Sei que já foi há alguns dias, mas no dia 22 de Abril registei estas fantásticas nuvens Lenticulares, quase acima de mim! Foi ao fim da tarde...pareciam autênticas bolas de fumo!

Não é algo que se veja com muita frequência, penso eu...


----------



## MeteoMP (7 Mai 2019 às 19:22)

Aqui estão...não consigo publicar a foto para ela aparecer...


----------



## TiagoLC (7 Mai 2019 às 20:16)

MeteoMP disse:


> Boa tarde!
> 
> Sei que já foi há alguns dias, mas no dia 22 de Abril registei estas fantásticas nuvens Lenticulares, quase acima de mim! Foi ao fim da tarde...pareciam autênticas bolas de fumo!
> 
> Não é algo que se veja com muita frequência, penso eu...


Bem vindo ao fórum! 
No dia 22 por acaso não reparei mas no dia 11 foi bastante notável. É raro, ainda mais para estes lados. Tens aqui algumas fotos desse dia.


----------



## João Pedro (7 Mai 2019 às 22:11)

MeteoMP disse:


> Aqui estão...não consigo publicar a foto para ela aparecer...
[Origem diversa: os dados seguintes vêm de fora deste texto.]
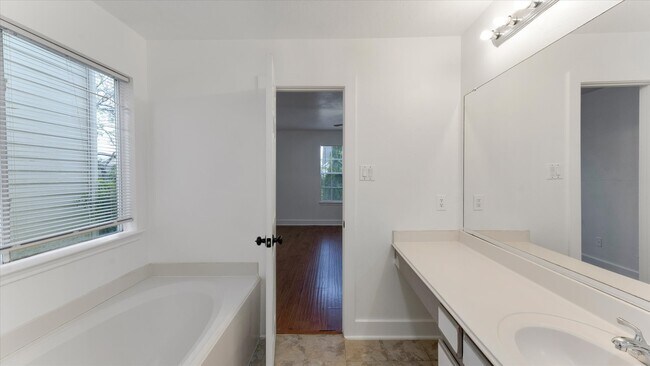 Foto del edificio - 3818 W Traditions Blvd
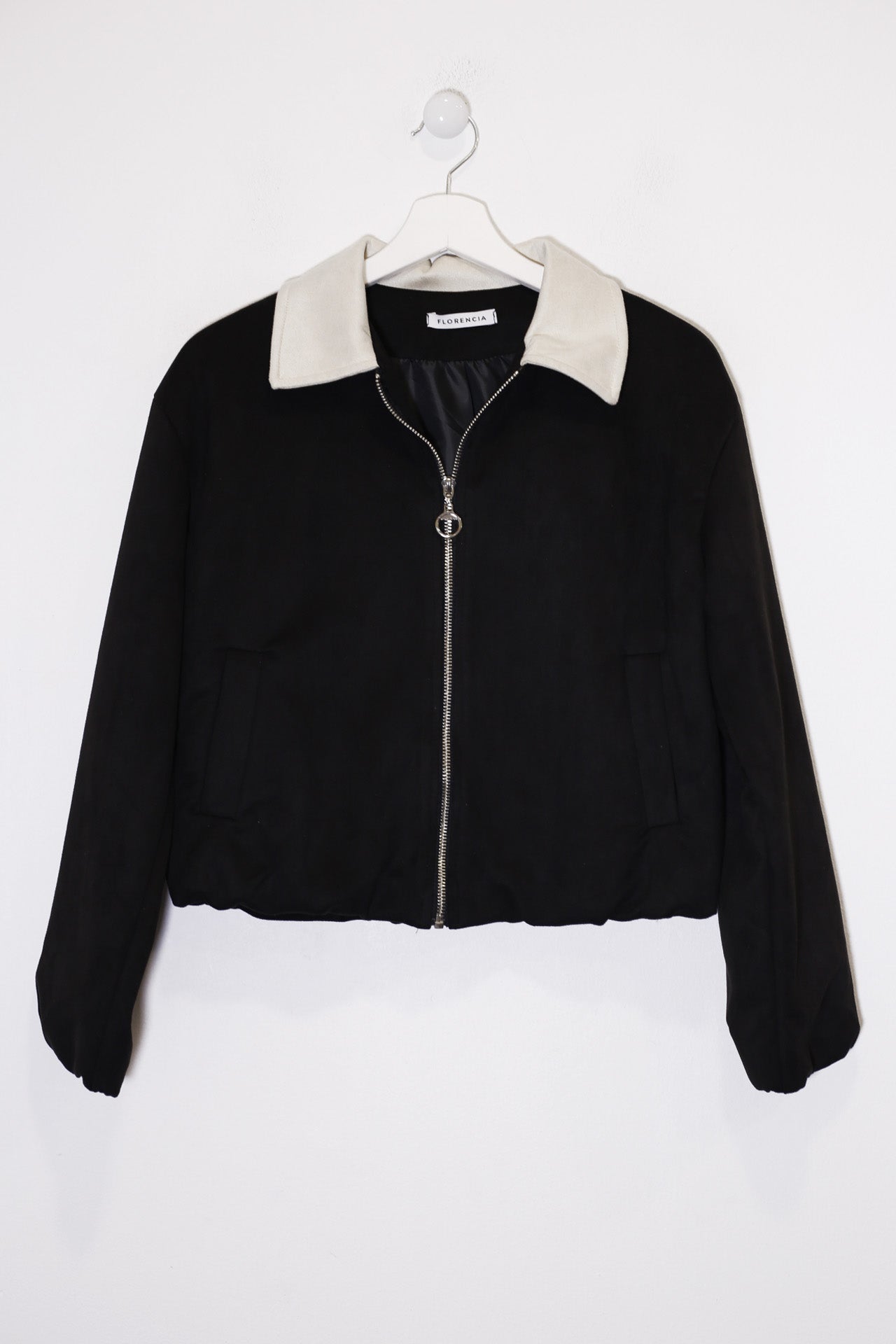 Cazadora contraste antelina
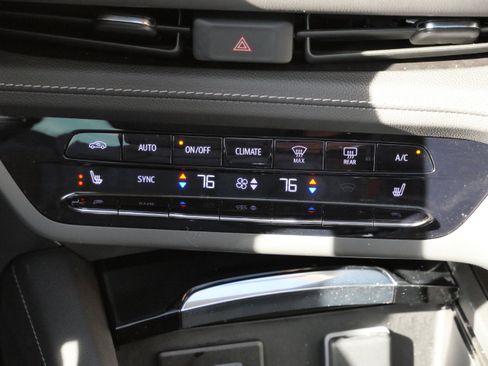 Used 2023 Buick Envision Essence w/ Sport Touring Package image 18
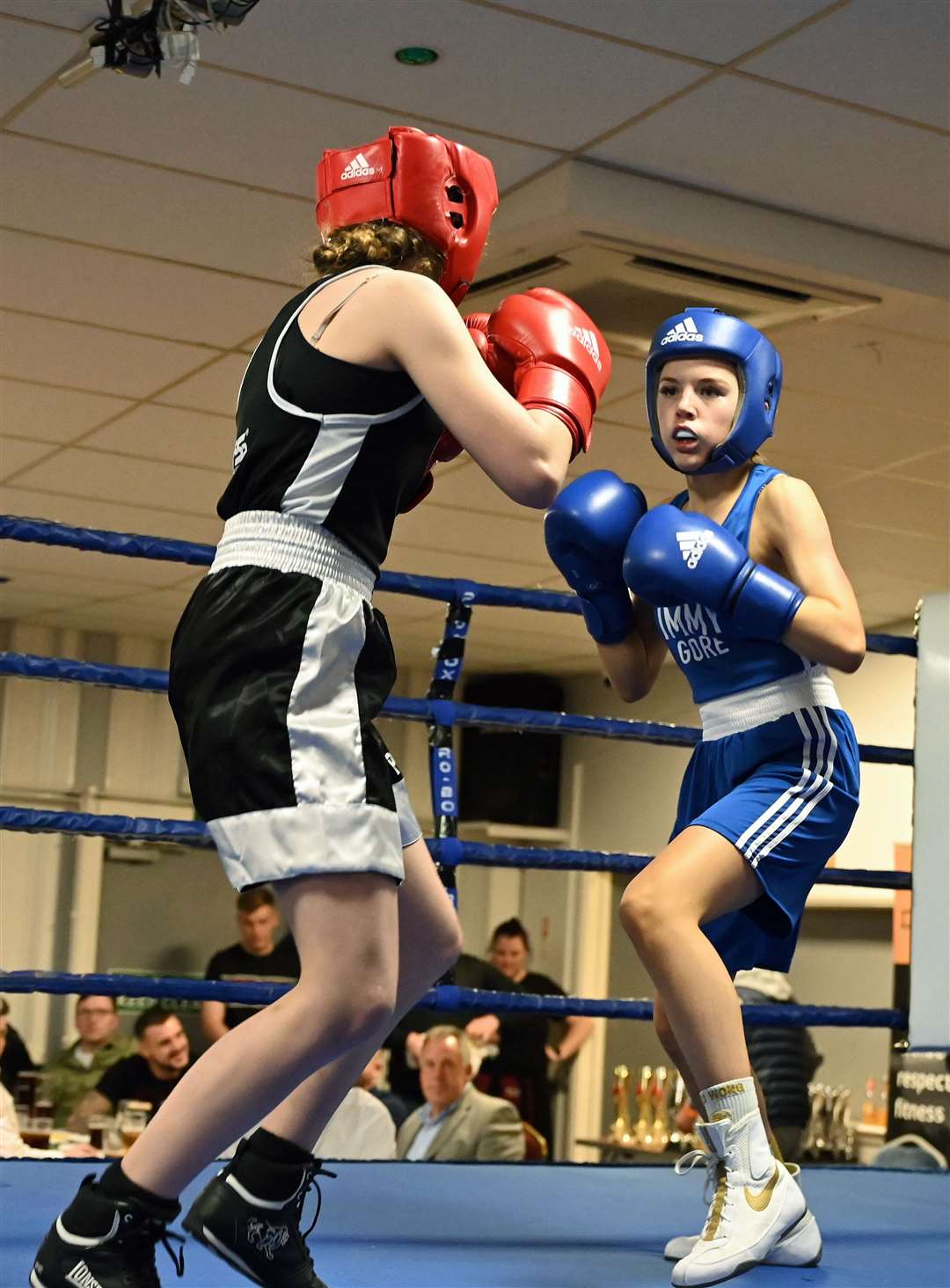 March Boxing Club evening of boxing..Lacie Moulding (red) v Imogen Cave (blue). (55848572)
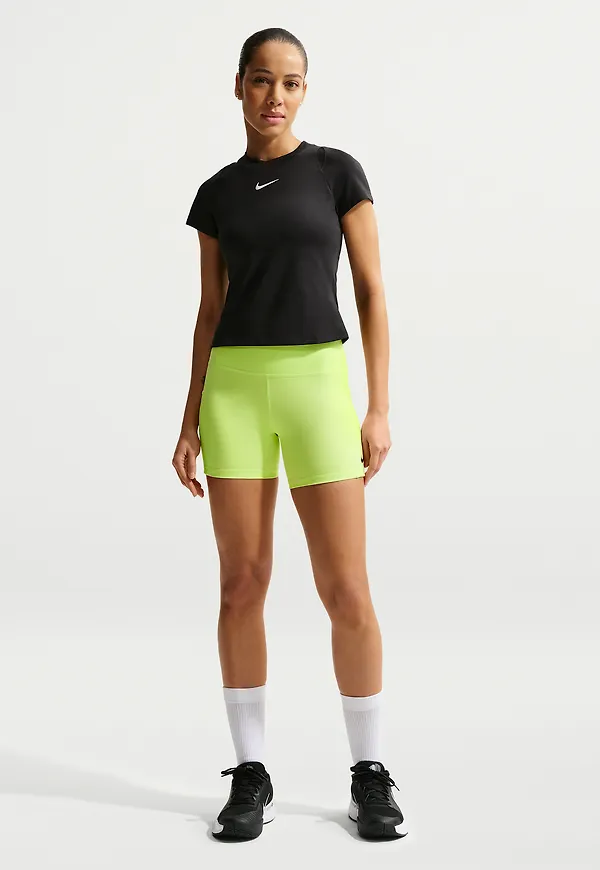 NikeCourt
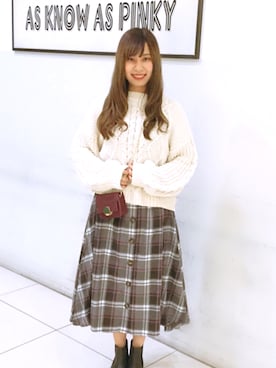 「AS KNOW AS PINKY（アズノゥアズピンキー）のアイテム（バッグ）」を使った、AS KNOW AS PINKYモラージュ佐賀さん（レディース・158cm）の秋コーディネート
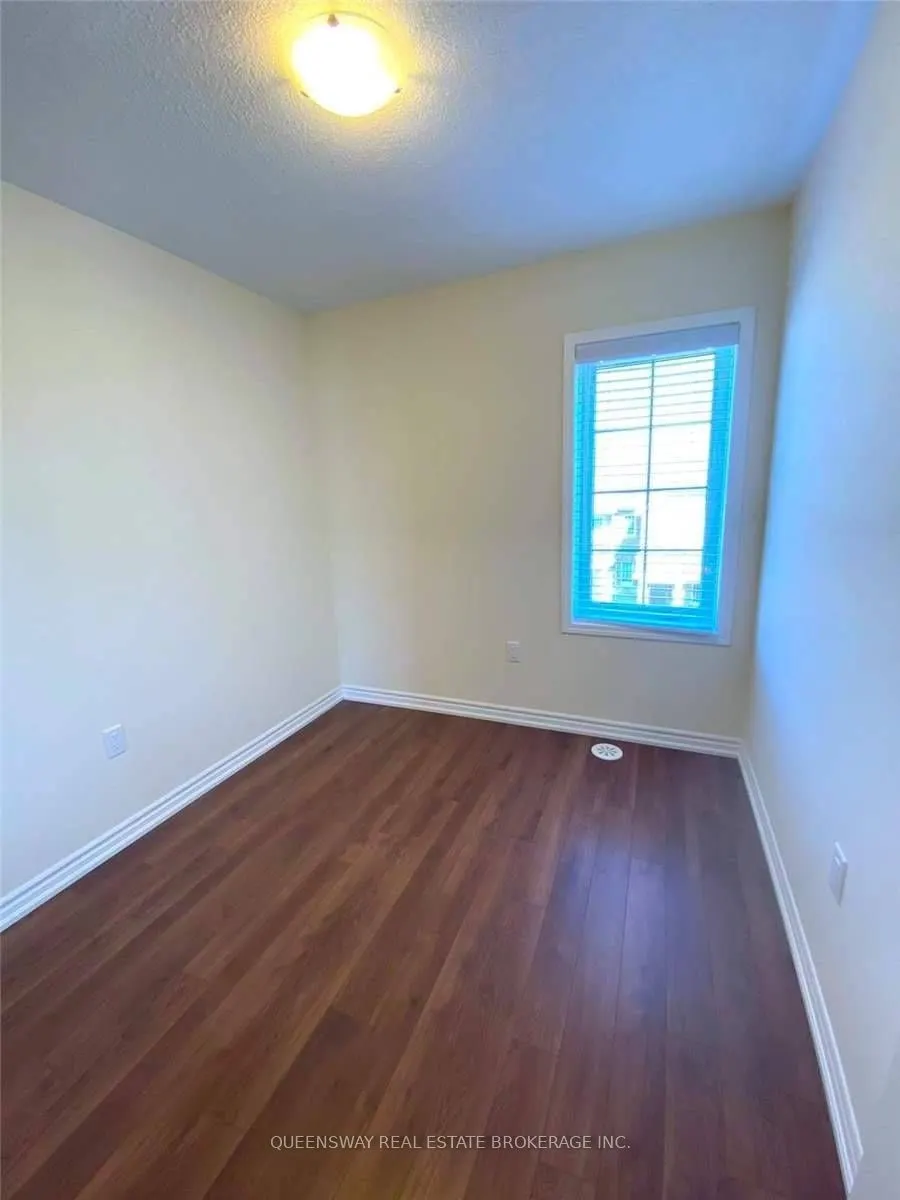 649 Laking Terrace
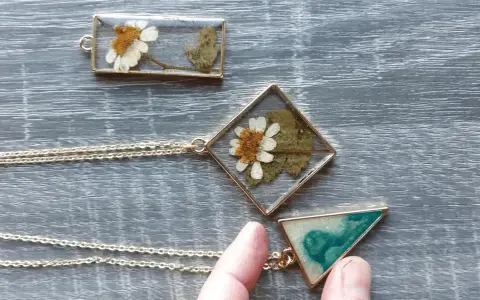 Collane con fiori secchi e resina, un'idea per gioielli in legno fai da te unici.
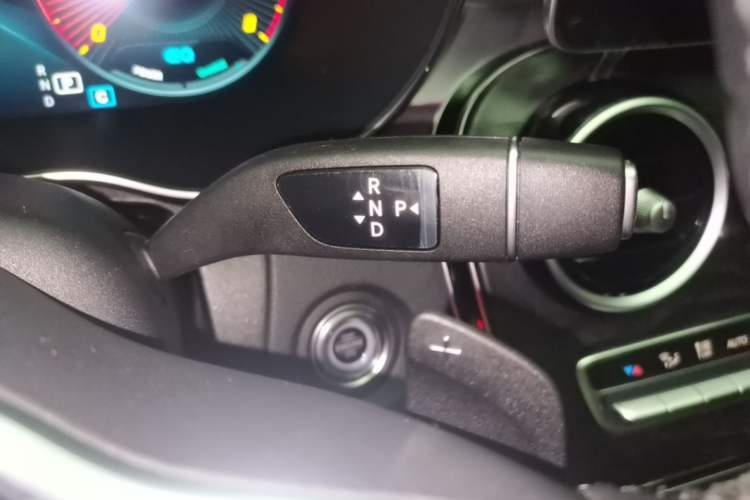 Used Mercedes-Benz C-Class 2019 Restyled C 260 L Sport Edition Gear Lever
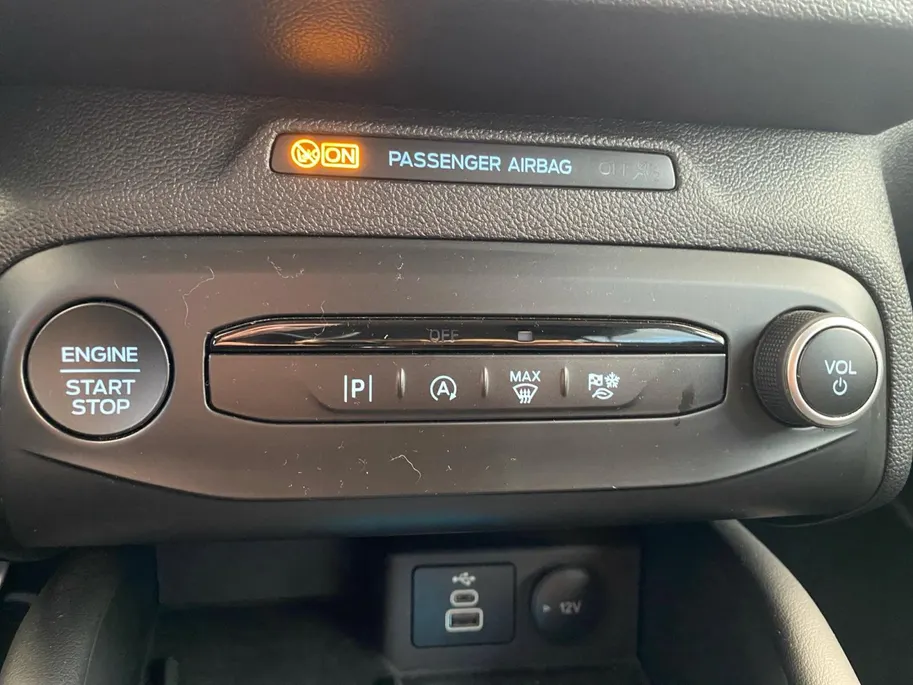 Ford Focus Wagon 1.0 EcoBoost Hybrid Titanium X | Dealeronderhouden | Stoel- stuur en voorruitverwarming | Navigatie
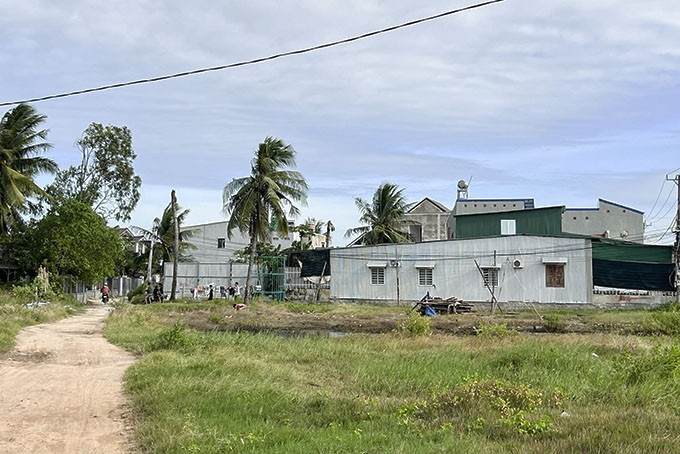 Khu đất Chủng viện ở phường Cam Phúc Nam bị lấn chiếm, xây dựng nhà ở ổn định nhiều năm nay.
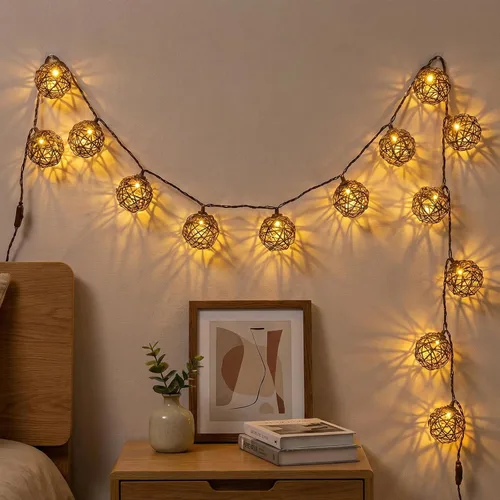 Vista 5 de Vigdur Luces de Cadena de Bolas de Ratán, Luces de Cadena de Linterna Boho con 10 Bombillas LED Conectables, Luces de Cadena para Interiores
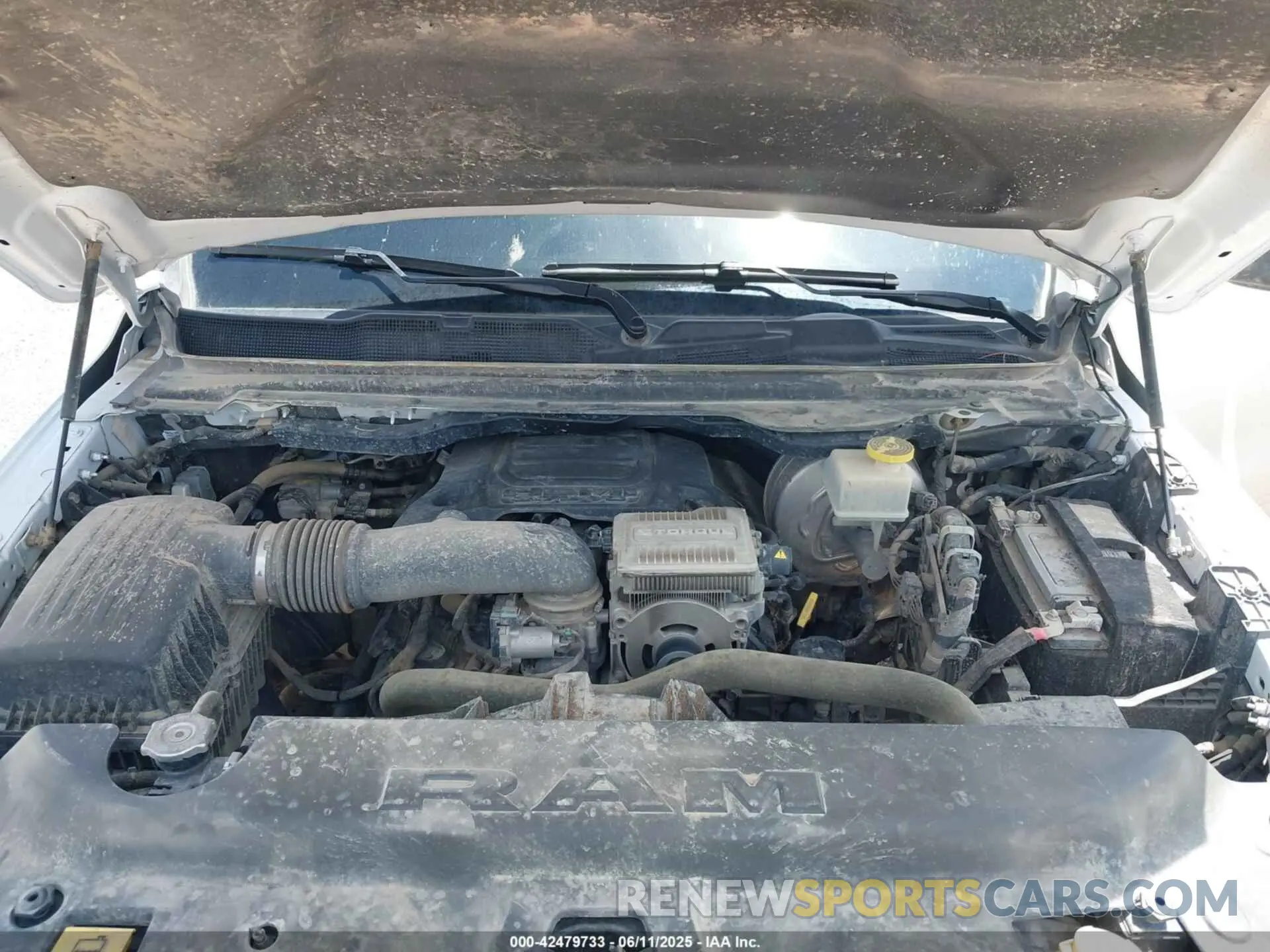 10 Photograph of a damaged car 1C6SRFNT7PN593705 RAM 1500 2023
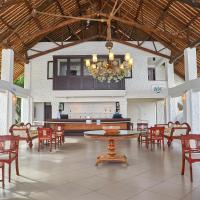 Jacaranda Indian Ocean Beach Resort, hotel in Diani Beach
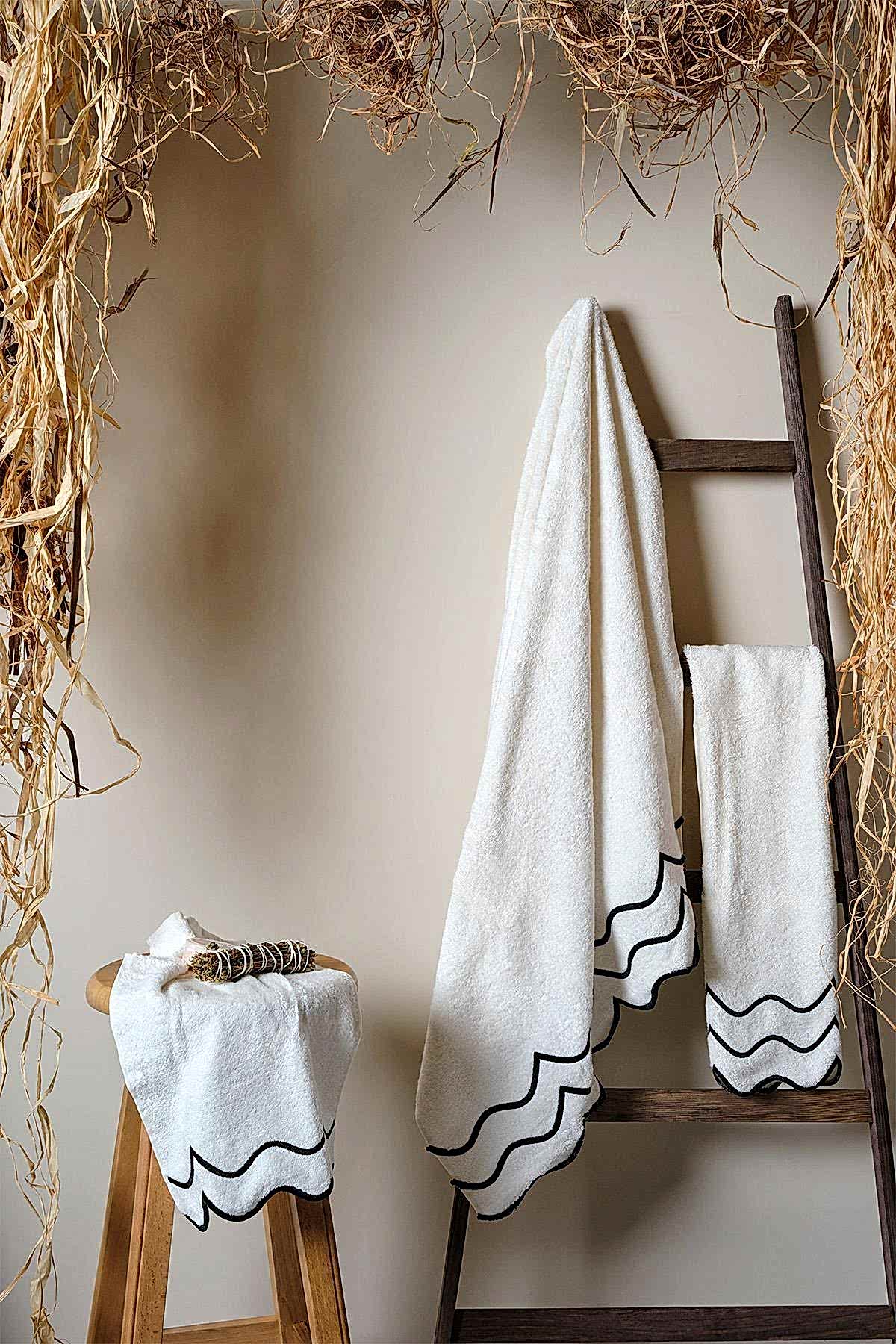 Helena El Havlusu (30 x 50 cm) - Nazik Home - Yuvama Değer!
Olá Mauro, dá uma olhadela neste tópico para saberes como publicar fotos no fórum:
https://www.meteopt.com/forum/topico/como-inserir-imagens-no-forum.256/


----------



## MeteoMP (8 Mai 2019 às 08:05)

Muito obrigado!! Vou ter em conta para a próxima vez


----------



## MeteoMP (9 Mai 2019 às 10:02)

Bom dia a todos!
Agora sim, fica aqui o registo de umas lindas Lenticulares em Lisboa no Mês de Abril.


----------



## RStorm (9 Mai 2019 às 11:24)

MeteoMP disse:


> Bom dia a todos!
> Agora sim, fica aqui o registo de umas lindas Lenticulares em Lisboa no Mês de Abril.


Antes de mais, seja bem-vindo à nossa família  Desejo-lhe muito sucesso e que se sinta bem aqui na nossa companhia  

Belíssimo registo! Lembro-me perfeitamente desse dia memorável


----------